Terima Kasih Atas Kunjungannya

Kamis, 27 Mei 2010

ASPEK-ASPEK PSIKOLOGIS DALAM PROSES PEMBELAJARAN

Oleh: Asep Bunyamin

A. Pendahuluan
Belajar adalah kegiatan yang berproses dan merupakan unsur yang sangat fundamental dalam setiap penyelenggaraan jenis dan jenjang pendidikan. Ini berarti bahwa berhasil atau gagalnya pencapaian tujuan pendidikan itu amat bergantung pada proses belahar yang dialami siswa, baik ketika ia berada di sekolah maupun di lingkungan rumah atau keluarganya sendiri.
Kegiatan pembelajaran syarat dengan muatan psikologis. Dengan kata lain, banyak aspek psikologis dalam proses pembelajaran yang harus dipahami oleh seorang pendidik demi tercapainya tujuan pendidikan.

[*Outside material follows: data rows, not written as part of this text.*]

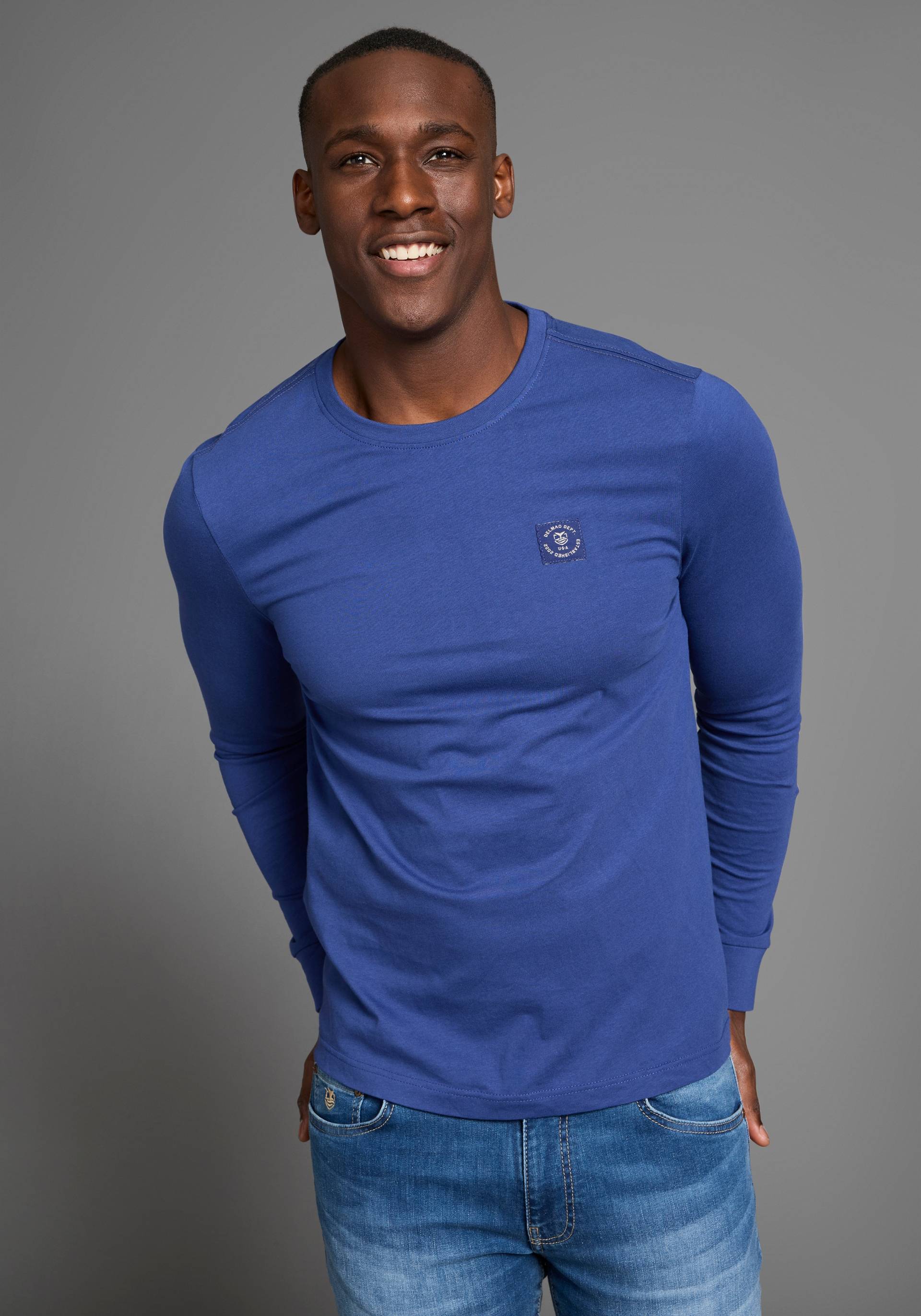 DELMAO Rundhalsshirt, mit Markenlabel DELMAO Rundhalsshirt, mit Markenlabel von DELMAO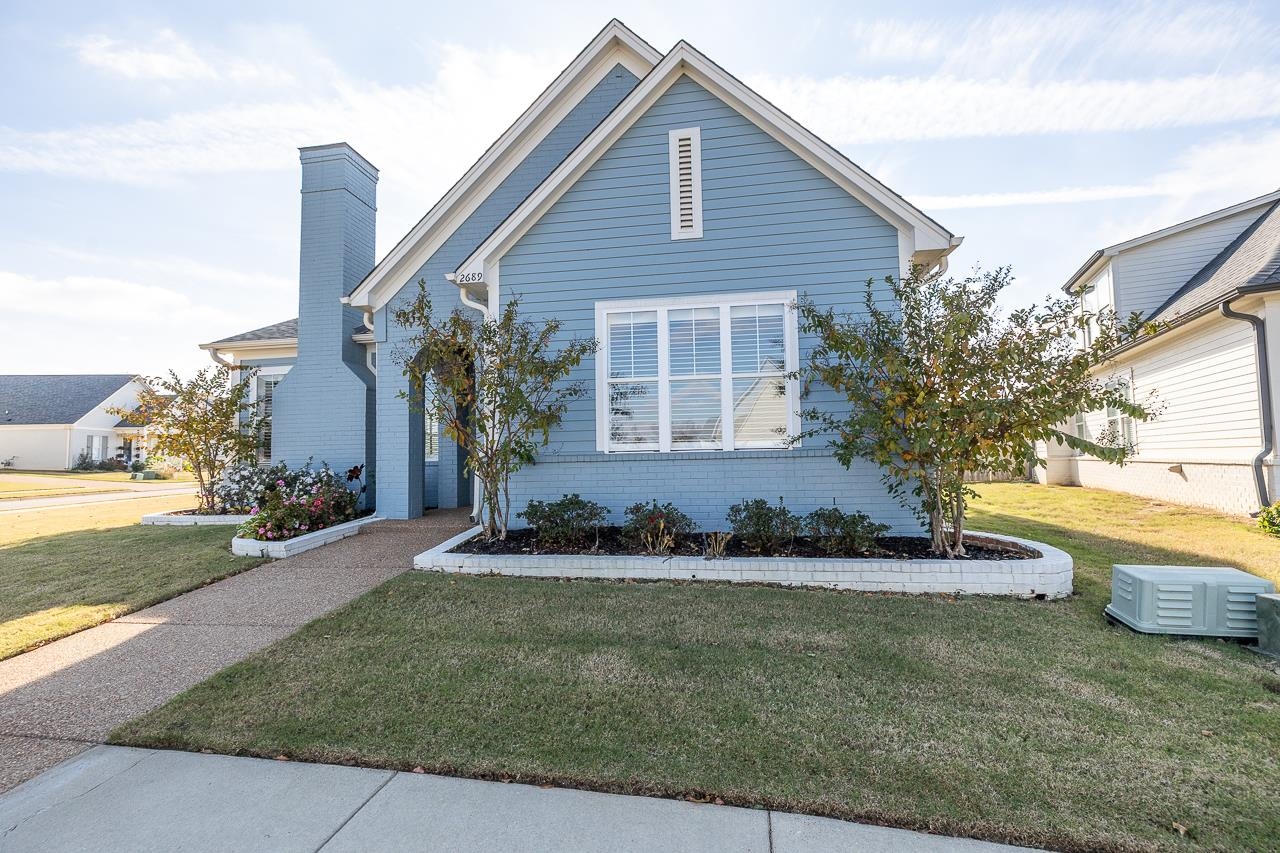 View of front facade featuring a front lawn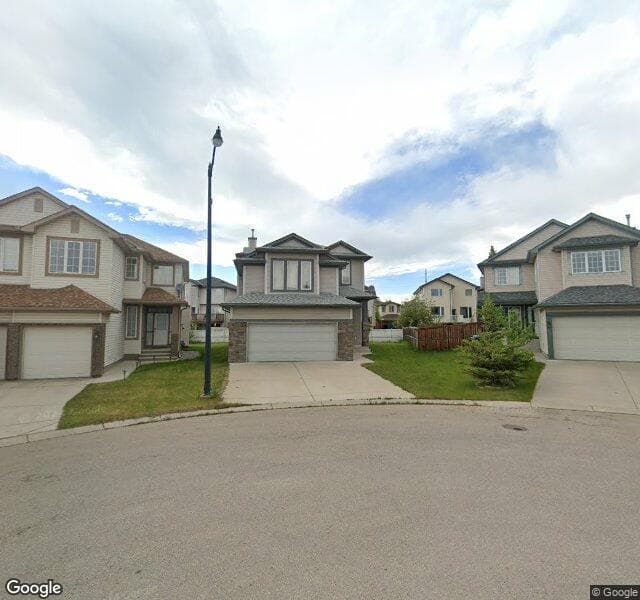 Street view of 39 Evanscove Place NW, Calgary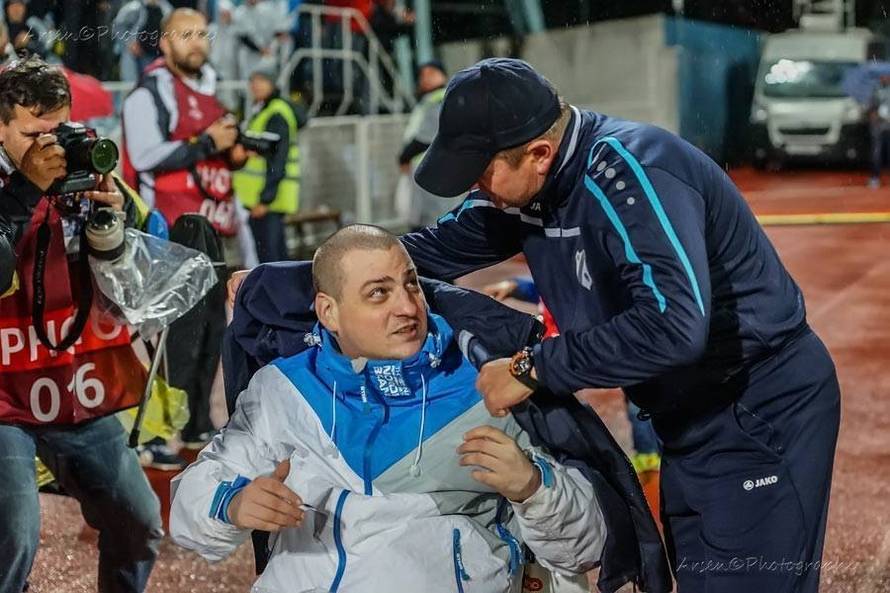 Prodajem svojih 150 dresova da bih mogao pomoći roditeljima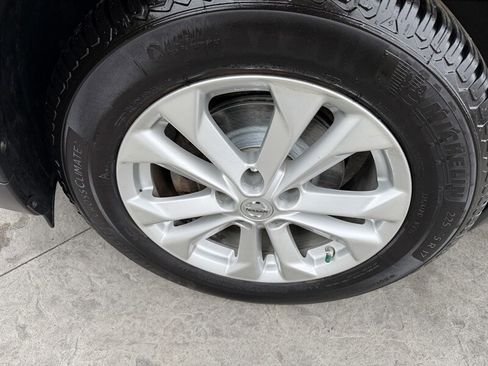 Used 2014 Nissan Rogue SV image 10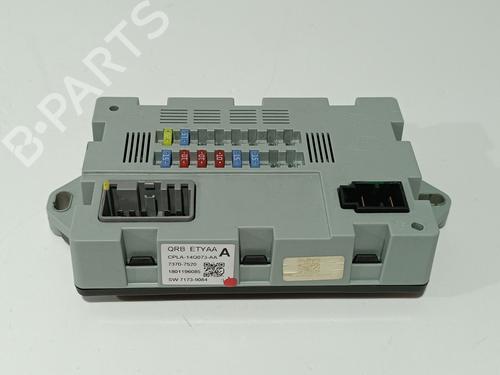 Used Fuse box Fuse box LAND ROVER RANGE ROVER VELAR (L560) 2.0 D240 SD4 4x4 (241 hp) 34445476 34445476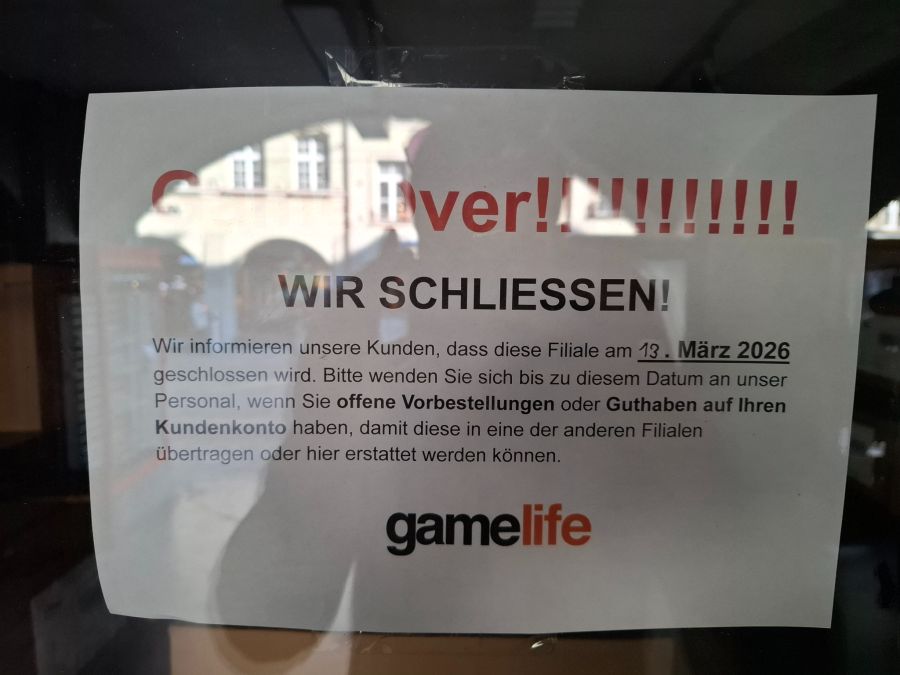 «Game Over – wir schliessen!», steht gross auf einem Zettel an der Eingangstüre geschrieben.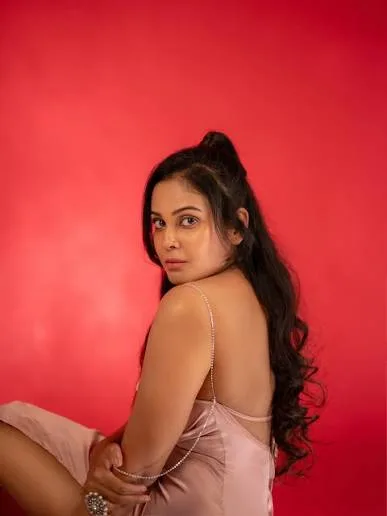 Chandini Tamilarasan - Biography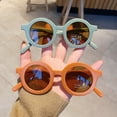 thumbnail image 4 of SUNSIOM Lunettes UV400 Unisexes pour l'Extérieur, Lunettes de Soleil Rondes pour Bébé pour Fête, Plage, 4 of 9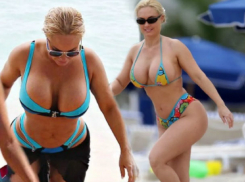 Аппетитными формами в откровенных бикини президент Хорватии «отодвинула» секс-звезд Playboy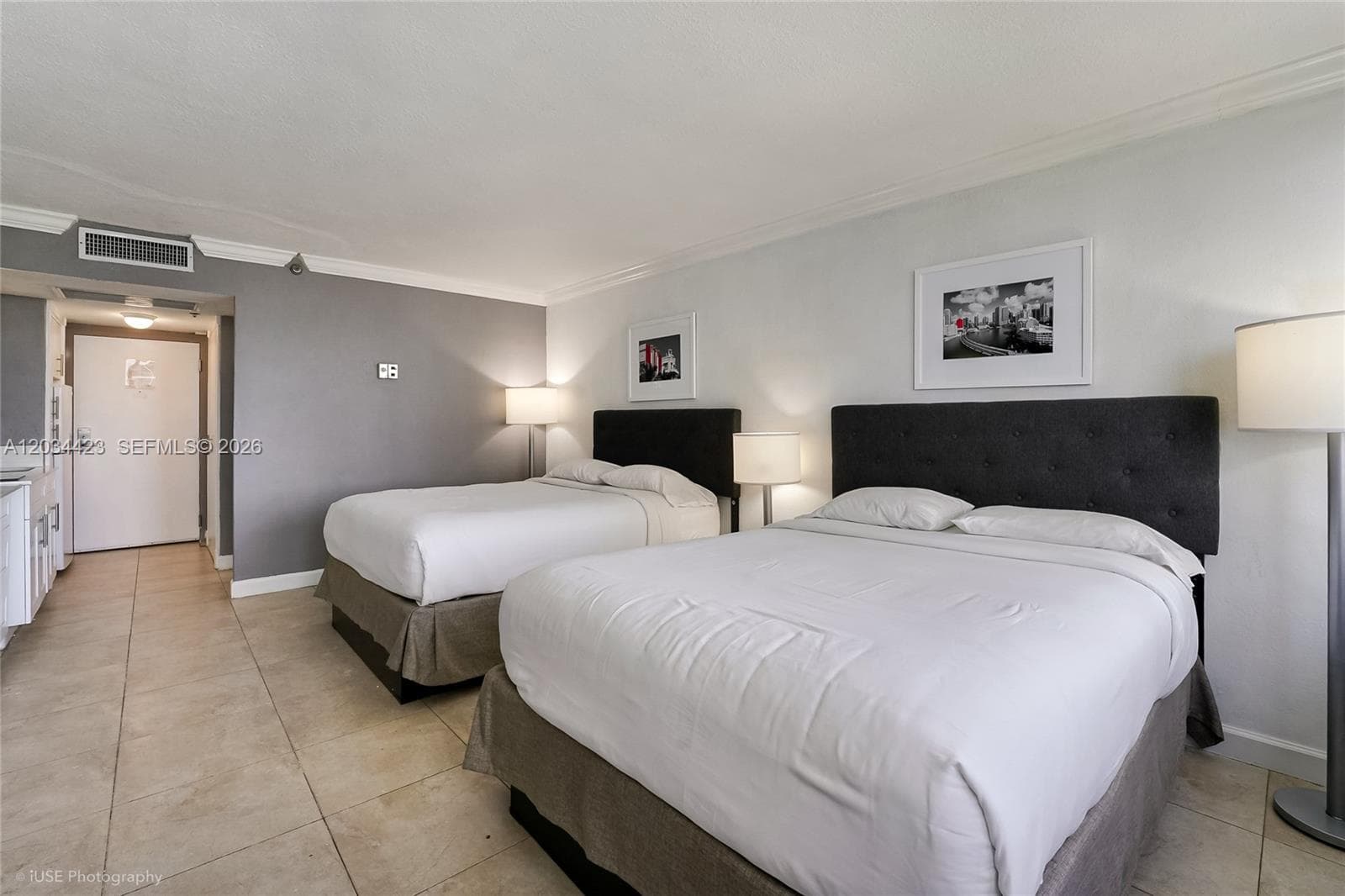 19201 Collins Ave # 827, Sunny Isles Beach, FL 33160 photo 4
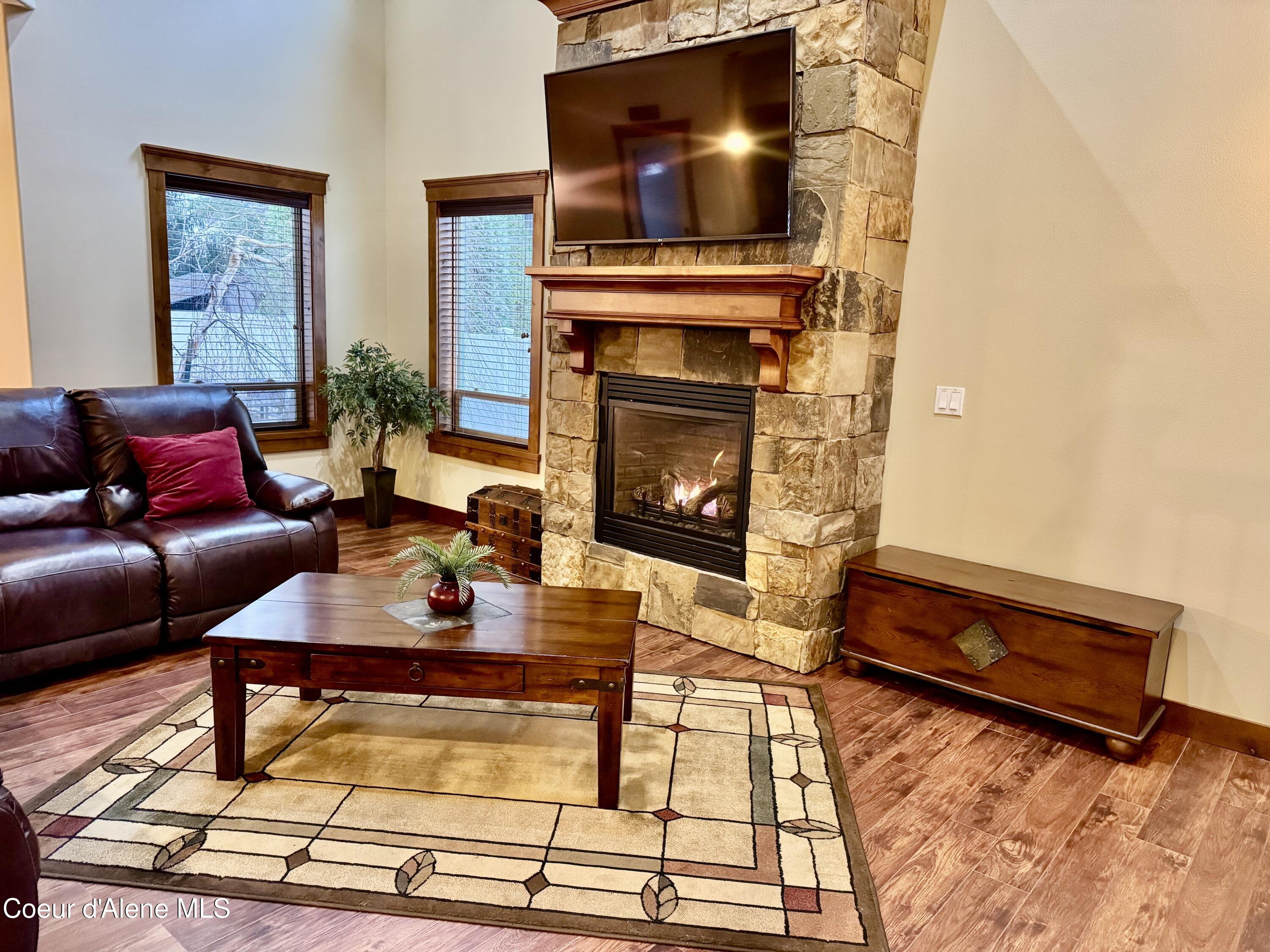 9157 Piper Court Hayden, ID 83835 - Photo 14 of 53 /come Sit Down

Mengabaikan aspek-aspek psikologis dalam pembelajaran akan berakibat kegagalan. Untuk dapat memahami berbagai aspek psikologis dalam pembelajaran, guru harus memahami berbagai konsep psikologi, khususnya psikologi belajar.
Banyak hal yang perlu dikuasai oleh seorang pendidik, bukan hanya hal-hal yang kasat mata dan lahiriah, tetapai juga harus menguasai hal-hal yang bersifat batiniah. Misalnya memahami perasaan, keinginan, jalan pikiran, dan emosi siswa, yang kesemuanya tercakup dalam ranah psikologi. Tanpa keahlian tersebut, pendidik tidak akan mampu memaksimalkan potensi siswa.

B. Psikologi Pembelajaran
Kata psikologi berasal dari Bahasa Inggris psychology. Kata ini diadopsi dari Bahasa Yunani yang berakar dari dua kata yaitu psyche yang berarti jiwa atau roh, dan logos berarti ilmu. Jadi secara mudah psikologi berarti ilmu jiwa.
Beberapa ahli memberikan pendapat mengenai arti psikologi. RS. Woodworth berkata psychology can be defined as the science of the activities of the individual (Woodworth, 1955:3). Ngalim Purwanto (1996:12) menyatakan bahwa psikologi adalah ilmu yang mempelajari tingkah laku manusia. Tingkah laku disini meliputi segala kegiatan yang tampak maupun yang tidak tampak, yang dilakukan secara sadar atau tidak sadar. Sedang Sarwono (1976) mendefinisikan psikologi dalam tiga definisi. Pertama, psikologi adalah ilmu yang mempelajari tingkah laku manusia dan hewan. Kedua, psikologi adalah ilmu yang mempelajari hakikat manusia. Ketiga, psikologi adalah ilmu yang mempelajari respon yang diberikan oleh makhluk hidup terhadap lingkungannya.
Dari beberapa definisi di atas, dapat disimpulkan bahwa psikologi adalah ilmu pengetahuan yang mempelajari tingkah laku individu dalam interaksi dengan lingkungannya.
Adapun pengertian belajar, Muhibbin (2006) berpendapat bahwa belajar merupakan tahapan perubahan seluruh tingkah laku yang relative menetap sebagai hasil pengalaman dan interaksi dengan lingkungan yang melibatkan proses kognitif. Sedang menurut Morgan dalam Introdution to Psycology (1978) berpendapat belajar adalah perubahan yang relative menetap dalam tingkah laku yang terjadi sebagai hasil dari latihan.
Ngalim Purwanto (1996:14) menyatakan bahwa belajar memiliki empat unsur:
a. Perubahan dalam tingkah laku
b. Melalui latihan
c. Perubahan relative mantap
d. Perubahan meliputi fisik dan psikis
Jadi dapat disimpulkan bahwa belajar adalah suatu proses menuju perubahan yang bersifat mantap melalui proses latihan dalam interaksi dengan lingkungan dan meliputi perubahan fisik dan mental.
Dari pengertian masing-masing psikologi dan belajar, dapat diambil suatu kesimpulan bahwa psikologi belajar adalah suatu ilmu yang mengkaji atau mempelajari tingkah laku manusia, didalam mengubah tingkah lakunya dalam kehidupan pribadi, kemasyarakatan dan kehidupan alam sekitar melalui proses pendidikan.
Berdasarkan pengertian di atas, dapat dipahami bahwa psikologi belajar menitik beratkan pada perilaku orang-orang yang terlibat dalam proses belajar, yaitu pendidik dan murid.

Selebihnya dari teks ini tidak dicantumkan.